Bunlardan birincisi global fon akımlarındaki oynaklığın artmış olması ve süreklilik arz etmesi.
“Bu oynaklık karşısında Türkiye’nin kırılganlıkları, eskisine göre artmasa bile artık daha riskli hale geldi” demeye getiriyor.
İkincisi Türkiye’nin içinde bulunduğu jeopolitik risklerin süreklilik arz etmesi ve iç politikada da risklerin artması. Moody’s özellikle darbe girişimi sonrasındaki uygulamaların Türkiye’deki kurumsal yapıyı zayıflatmasının yanı sıra hukuk devleti ve yatırım güvenliği konusundaki kaygıları artırdığını vurguluyor. Buradan çıkarak “politik risklerin yatırım iklimini tehdit ettiğini ve bu durumun Türkiye’nin dış finansal kırılganlıklarının kaldıramayacağı bir düzeye geldiğini” söylemeye çalışıyor.
Özetle Moody’s Türkiye’nin kredi notunu düşürmesinin asıl nedeni politik riskler alanındaki gelişmeler.

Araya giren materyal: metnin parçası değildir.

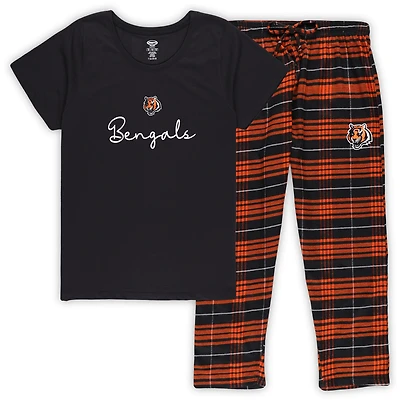 Ensemble de nuit grande taille pour femme Concepts Sport Cincinnati Bengals avec haut et pantalon à inscription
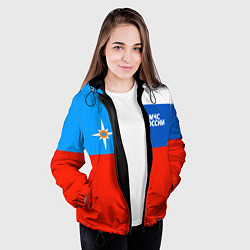 Куртка с капюшоном женская Флаг МЧС России, цвет: 3D-черный — фото 2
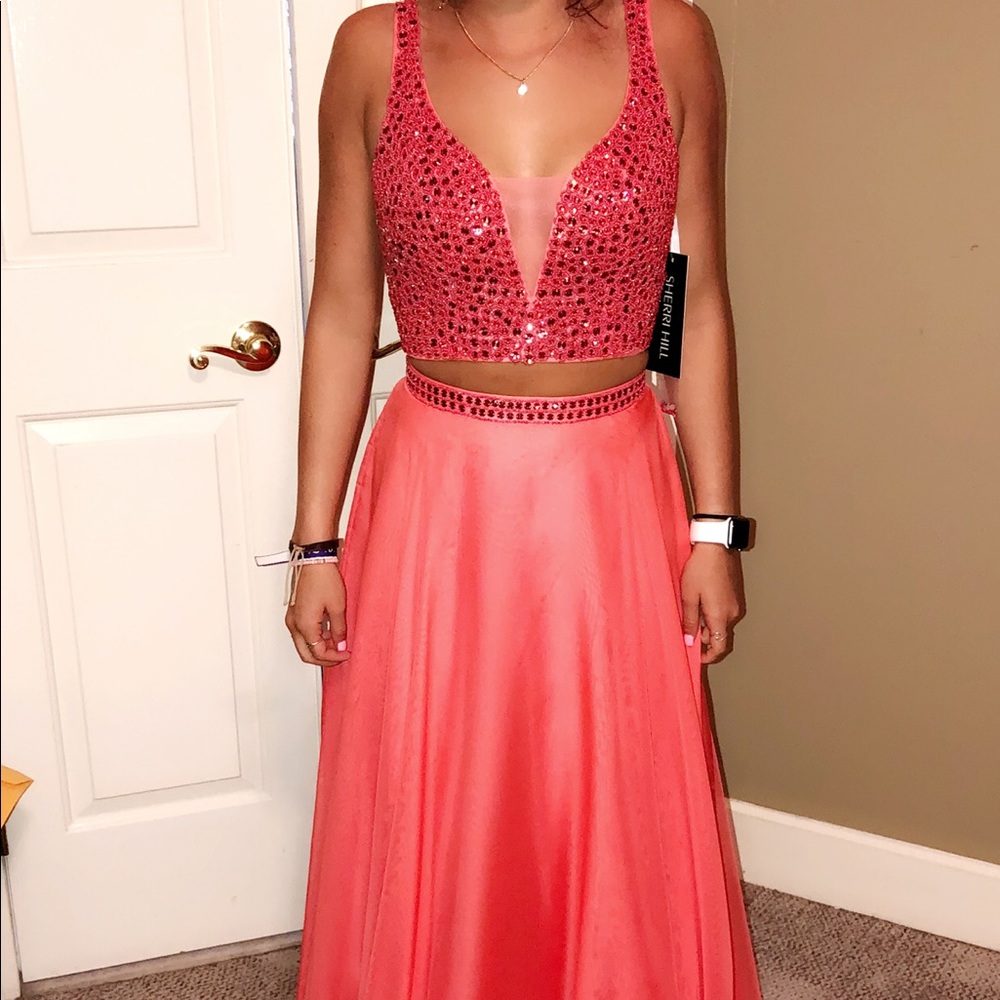 Sherri Hill Coral Prom Dress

Moody’s kredi notunun yükselmesinin kısa vadede pek mümkün olmayacağını da söylüyor. Ki bu da en az kredi notunun düşürülmesi kadar önemli bir nokta. Moody’s Türkiye’nin kredi profilinin, önümüzdeki 2-3 yıl boyunca yavaş yavaş bozulmaya devam edeceği düşüncesinde.
Moody’s kredi notunu düşürürken yaptığı değerlendirmede “Türkiye’nin ekonominin tüketim ve yabancı kaynağa dayalı büyüme modelinden daha dengeli bir büyüme modeline geçmesini sağlayacak güçlü adımları içeren kararlı bir reform uygulama ihtimali düşük gözüküyor” diyor.
Kredi notunu düşürürken politik ve jeopolitik risklere vurgu yapan Moody’s, notun tekrar artışı için politik ve jeopolitik risklerin azalmasının tek başına yeterli olmayacağını belirtiyor. Moody’s not artışı için Türkiye’nin dış dengelerindeki zayıflıklarında yapısal bir azalma meydana gelmesi veya rekabet gücü ve kurumsal çerçevesinde ciddi bir ilerleme meydana gelmesinin gerektiğini söylüyor.
Moody’s buna karşın notun daha da düşürmesinin daha kolay olacağını ima ediyor. Şu üç şıktan herhangi birinin ortaya çıkması, Moody’s için notun daha da düşürülmesi için yeterli olacak. Bu üç şart şöyle sıralanıyor:
1) Bütçe finansmanındaki eğilimlerin ciddi bir şekilde tersine dönmesi.
2) Yabancı sermaye akımlarında ani ve süren bir tersine dönüşün ortaya çıkması.
3) Kurumsal sağlamlıkta beklenenden fazla bir bozulma olması veya politik risklerin beklenenden fazla artması.